The team then used the tar to construct a test tool that a robot arm dragged with great precision across a test bed 170 times, yet it showed no signs of the adhesive bond weakening. In addition, they constructed a tool using the tar to attach a stone scraper to a wooden handle, which was then used to scrape the tough outer membrane from the thigh bone of a calf.

Because the stone method is so simple and could have been discovered by the Neanderthals so easily at any camp site, the study concluded that the presence of tar-glued tools is not an indicator of complex behavior or organization.

The study was published in Proceedings of the National Academy of Sciences (PNAS).

Source: New York University

8 comments
Bert Goz
Neanderthals didn't destroy the planet , or overpopulate it , but WE are the smart ones?!! Maybe they worked out a symbiotic life style, without greed......the single worst human affliction!
Lawrence Stoskopf
So this guy without a PhD is sitting there looking at a rock with some black, sticky stuff and thinks, "Hey, I could use this to make...." Wouldn't it have been fun to have given this Hacker a GameBoy and watched?

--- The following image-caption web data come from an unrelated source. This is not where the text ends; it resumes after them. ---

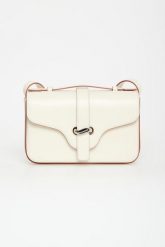 Torebka skórzana listonoszka EMPORIO ARMANI. Torebki klasyczne Emporio Armani, bez wzorów, bez dodatków. Za 2,239.00 zł.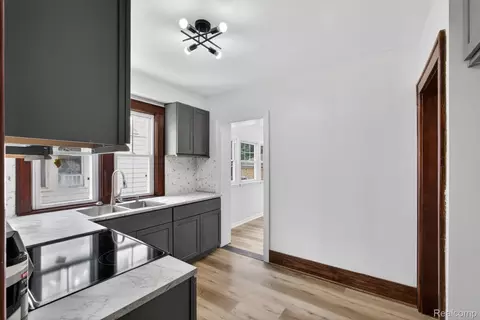 Entry Way - 810 E 8th St, Flint, MI 48503 photo 1 of 5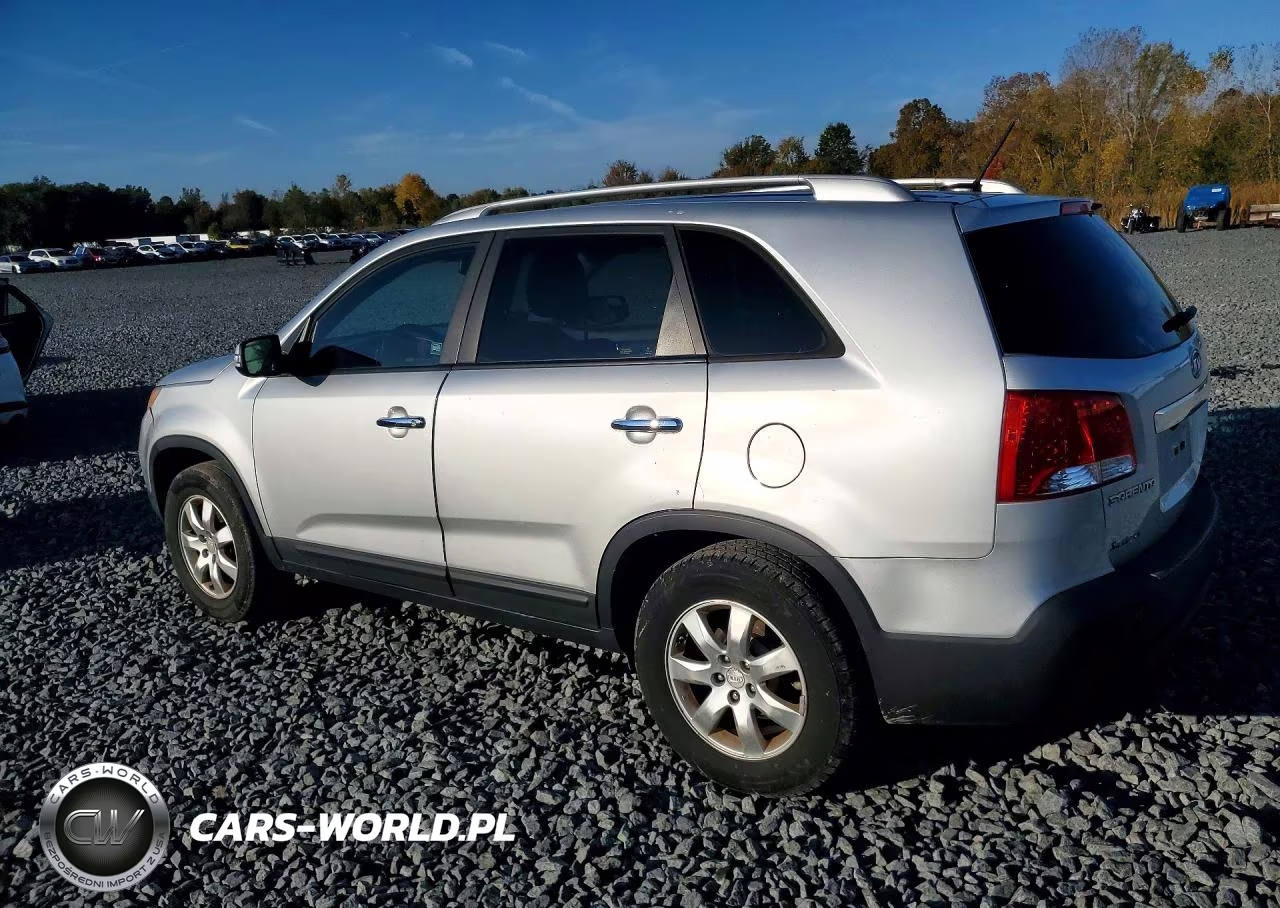 2011 Kia Sorento Lx VIN:5XYKT4A10BG133613 - 2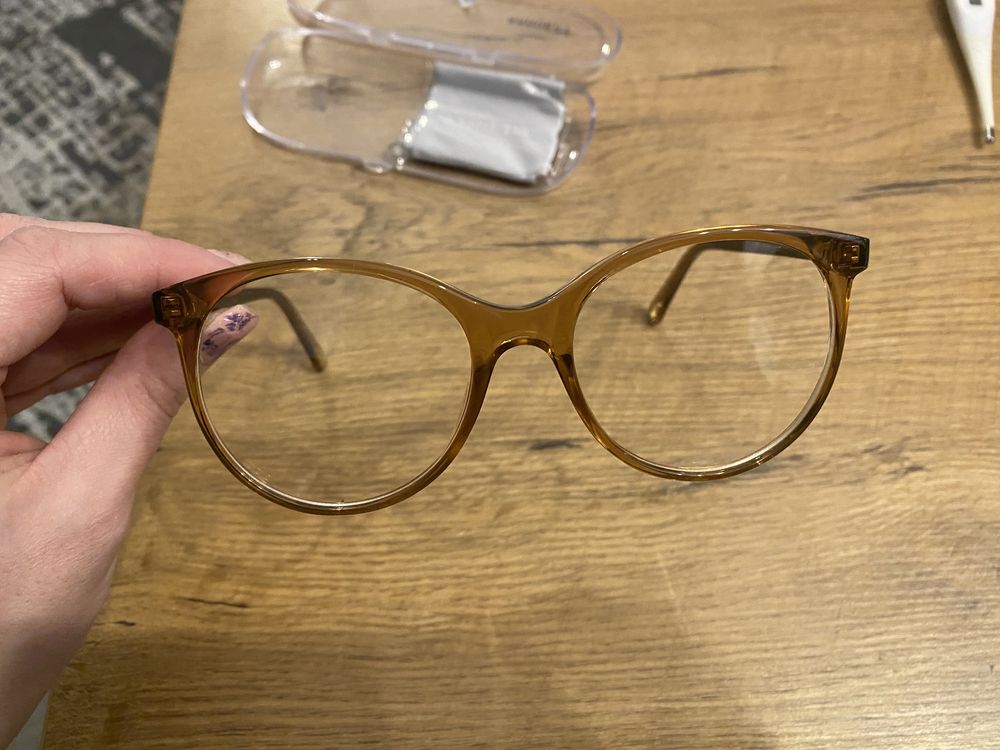 Nowe ramki kansept zerówki oprawki okulary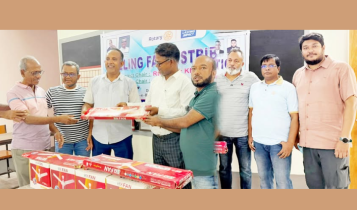 প্রাথমিক বিদ্যালয়ে রোটারি ক্লাবের চারটি সিলিং ফ্যান বিতরণ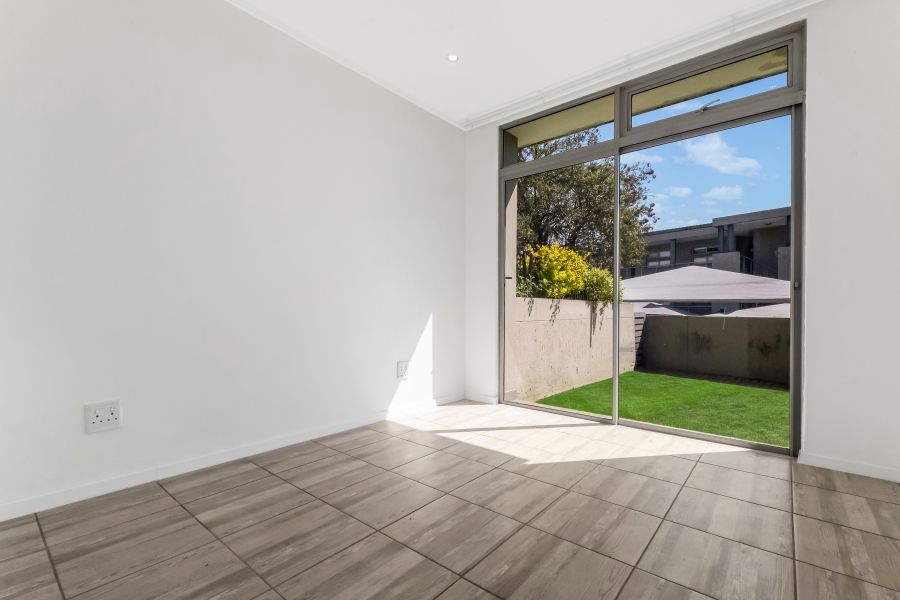 To Let 2 Bedroom Property for Rent in Hurlingham Gauteng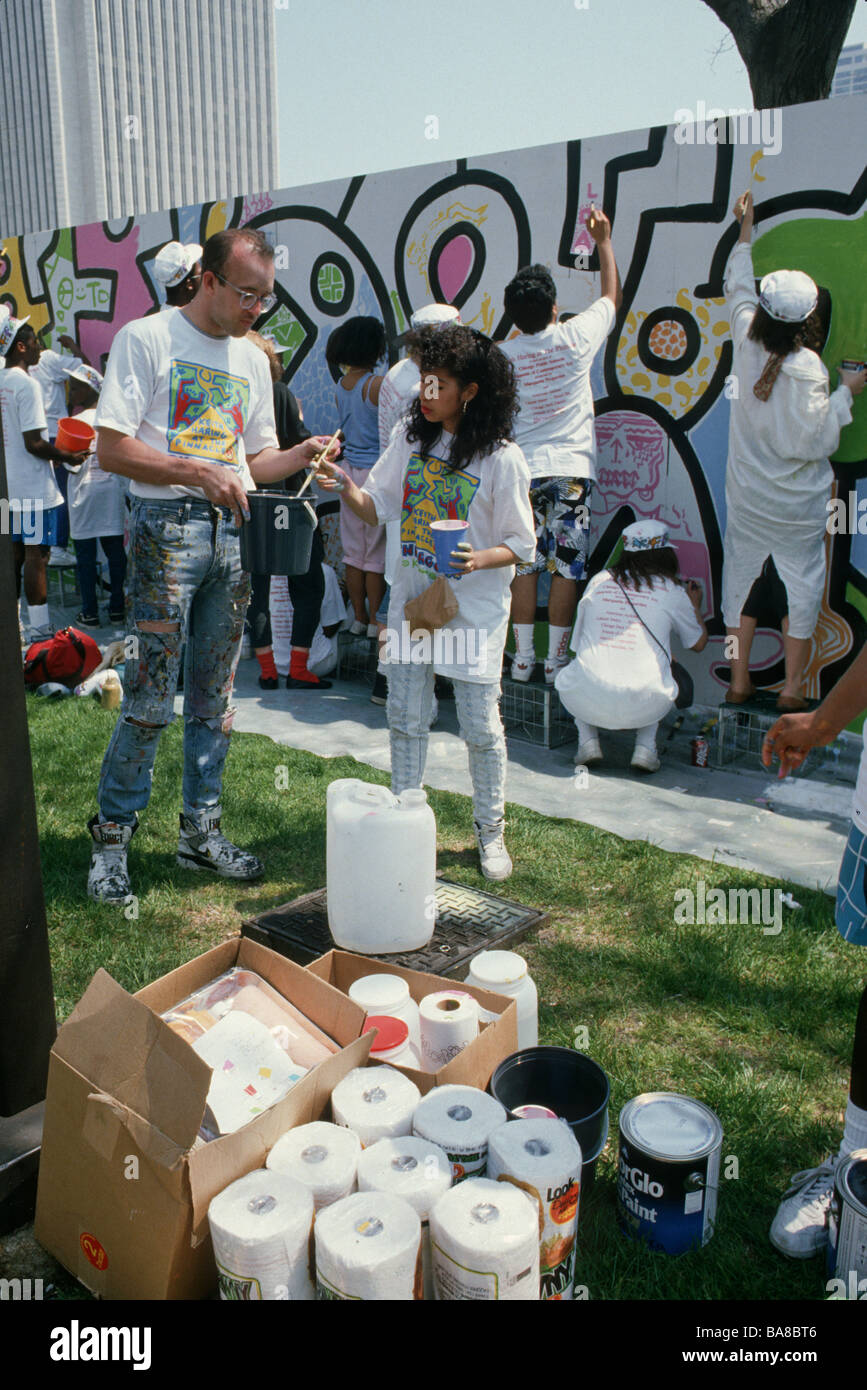 Les adolescents à l'école de peinture murale dans le cadre du programme d'art dans les chiffres tirés d'ici la fin de l'artiste Keith Haring (à gauche) dans le Grant Park Chicago Illinois Banque D'Images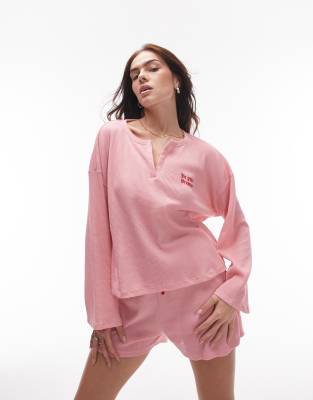 Topshop - Langärmliger Pyjama in Zartrosa mit „Dreams"-Schriftzug und eingekerbtem Ausschnitt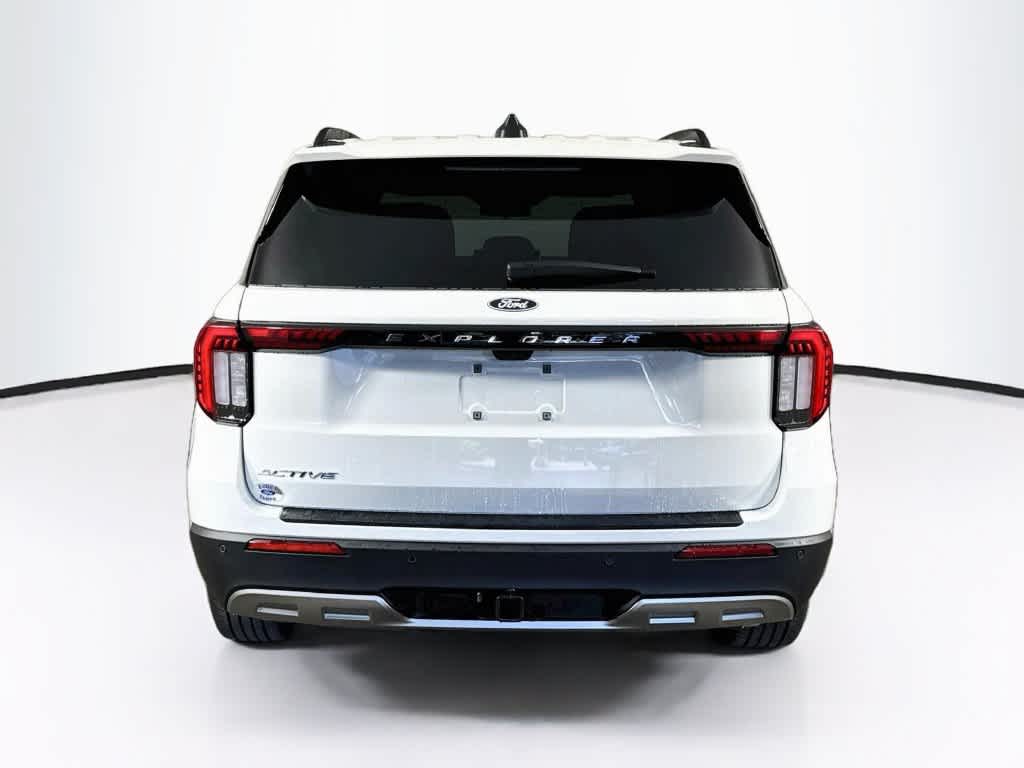 2027 Ford Explorer Active w/200A Pkg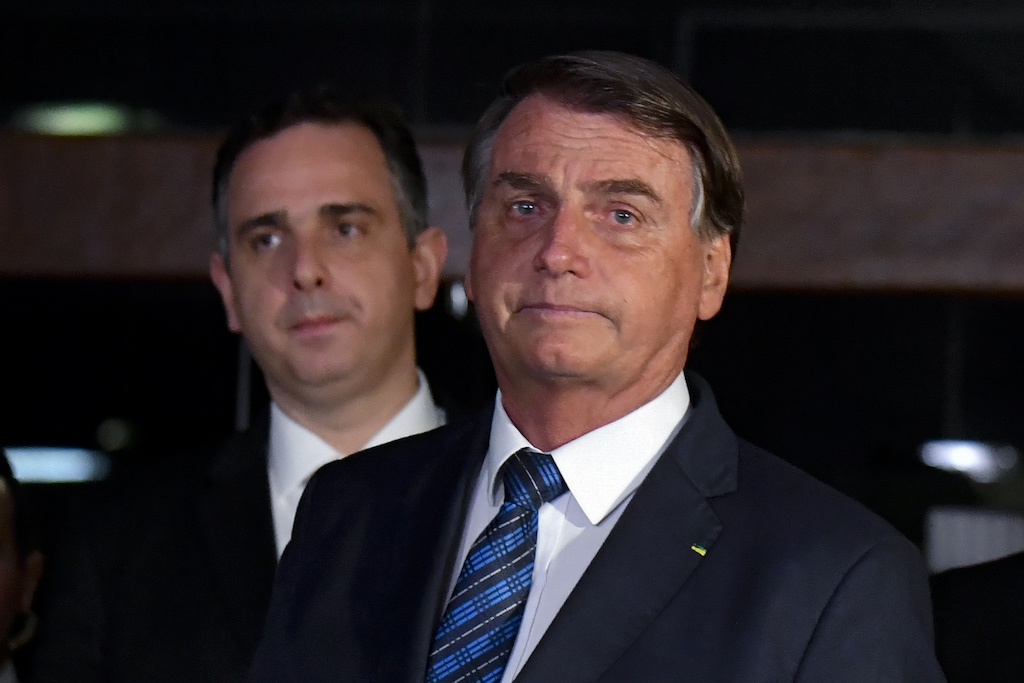 Pacheco decepciona aliados com submissão a Bolsonaro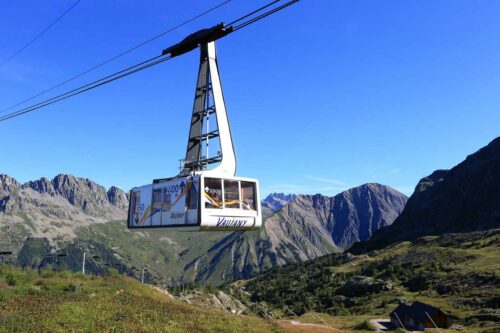 Cabine du Téléphérique Vaujany Alpette l'été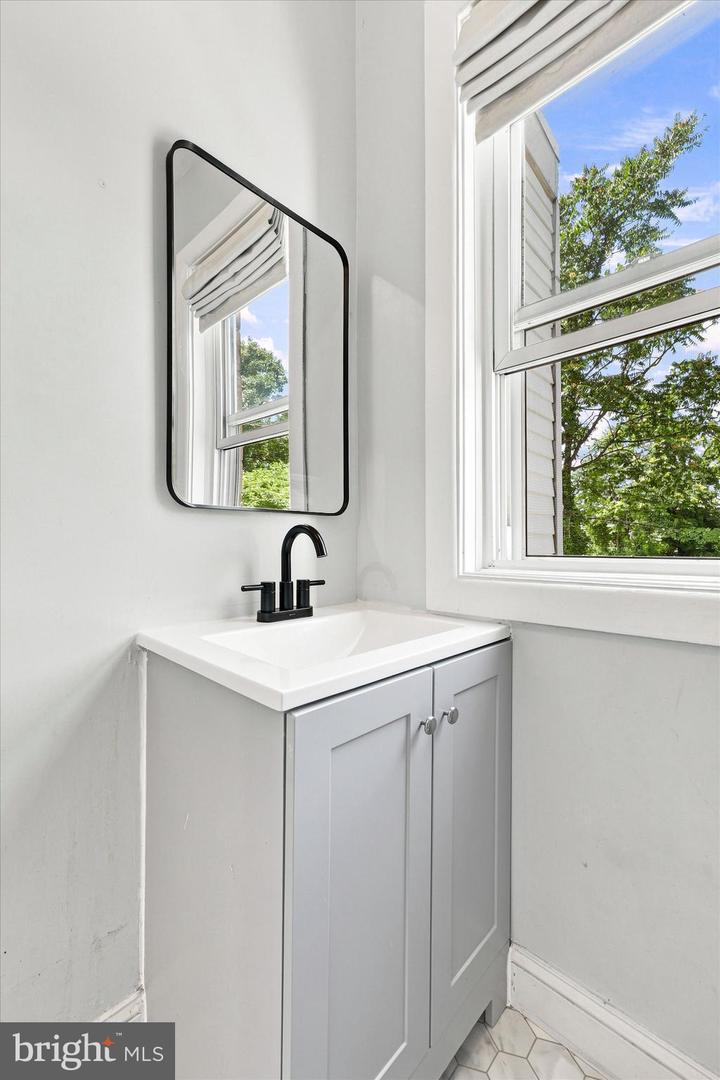 571 Martin St Property Photo 20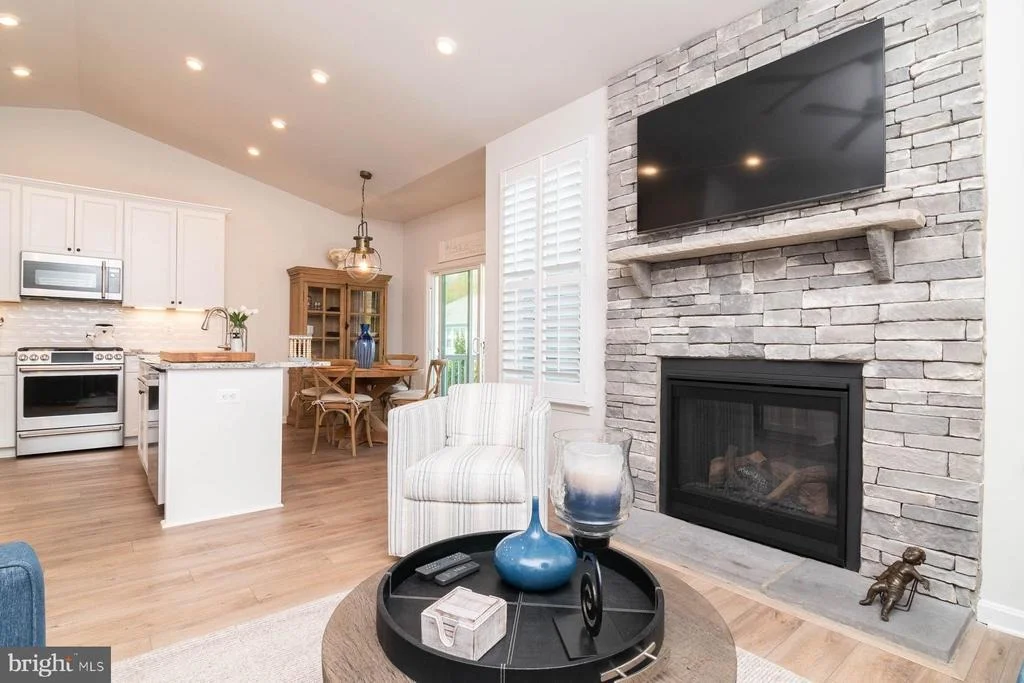 Photo of 25087 TREEVIEW LANE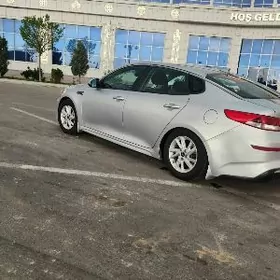 Kia Optima 2020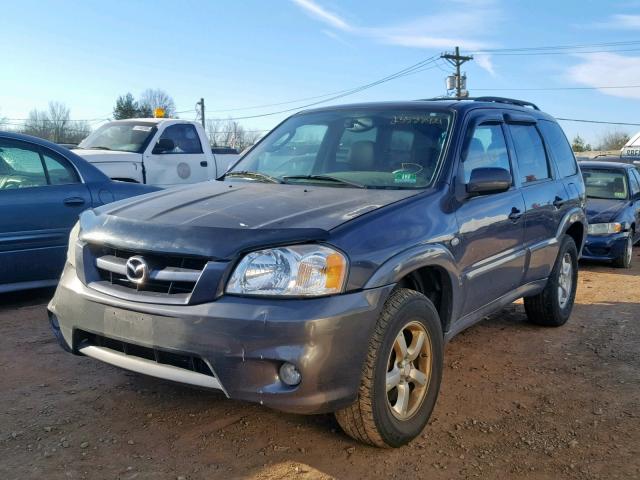 4F2CZ94176KM24332 - 2006 MAZDA TRIBUTE S GRAY photo 2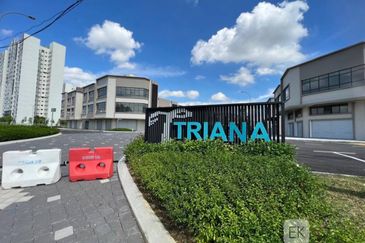 Triana @ Tropicana Amans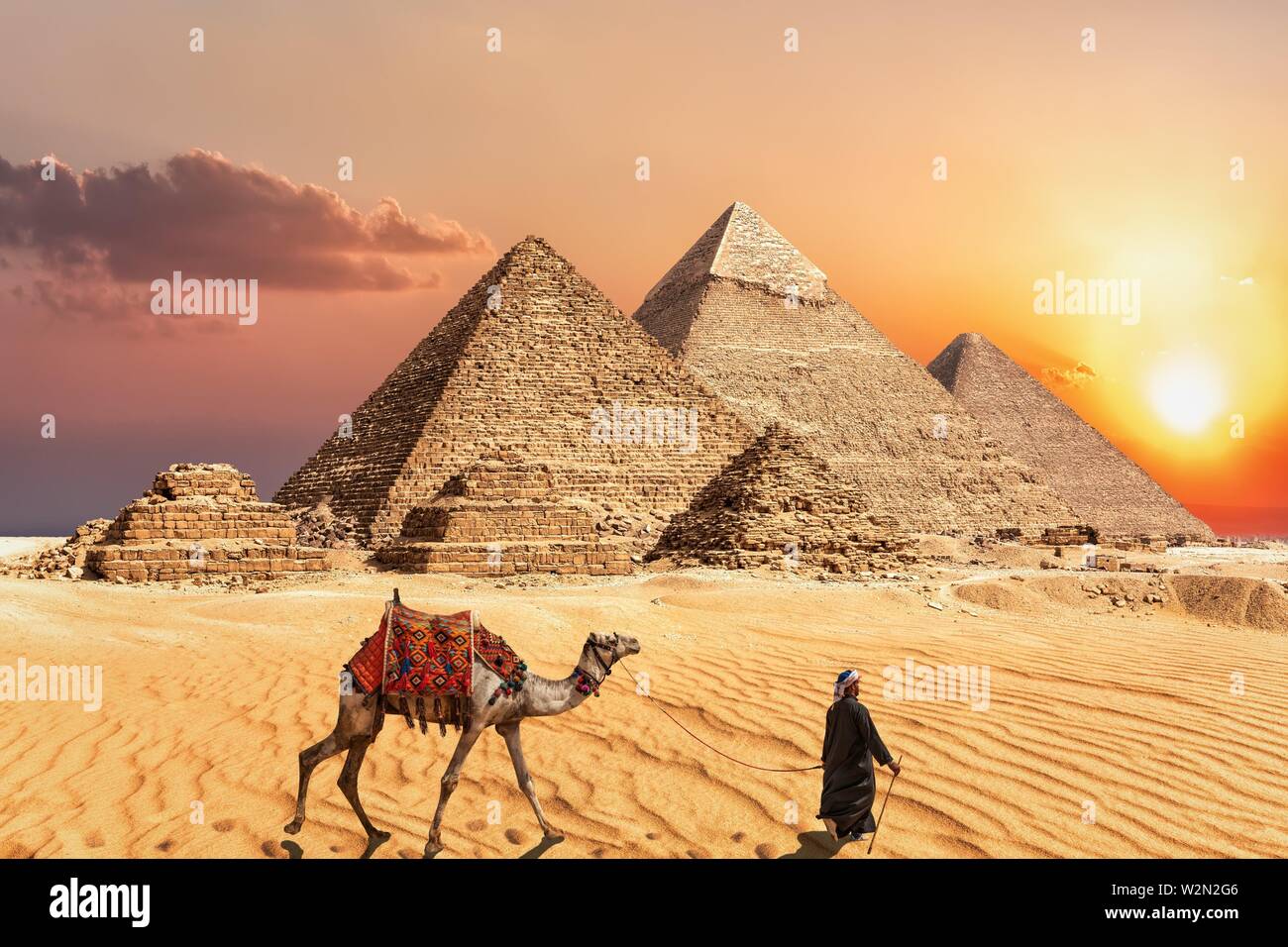 Complexe Pyramide De Gizeh En Egypte Belle Vue Du Coucher De Soleil Photo Stock Alamy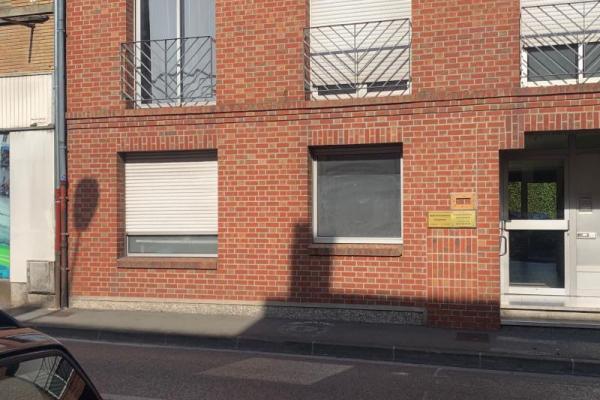 Local professionnel en centre ville, de plain-pied ! idéal b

A pretty complex thought process from seeing this to making a working tool or so. Thanks for studying this.
Nobody
I am always intrigued by scientists who claim that our ancestors weren't all that smart. In a world before metals were discovered their building materials consisted of wood and stone. How many of these modern scientific geniuses could survive in that world? We still have no idea how Stonehenge, the pyramids, Chichen Itza or the intricately fitted walls in Peru were constructed. By then they may have had primitive copper tools but HOW did they do it? Even in Europe, the older the ruins, the larger the stones that were used to construct them. The more technology we have, the weaker we become and the fewer the number of people who understand it. We stand on the shoulders of giants and the cave men were those giants in more ways than we can imagine.
Douglas Bennett Rogers
This opens up a wide range of technology to look for.
Username
reversely, just because there's a simple way to make wood tar doesn't mean they weren't intelligent.
lisaloo
And with that, 70,000 Neanderthal spirits just experienced their first bummed high.
G.F. Brown
So, does this discovery that the present day scientists were wrong in their previous assessments of Neanderthal intelligence, prove that present day scientists are not as intelligent as they once considered themselves?
Tony Bertrand
Funny to read the conclusion by these scientists... Don't they know that this discovery is exactly the opposite of what they are claiming. Being able to do some, now, complex extraction in a very simple way is a proof of highly superior mind, watching nature and understanding the process the natural way. This discovery simply proves that Neanderthals were even smarter than these scientists thought. Period.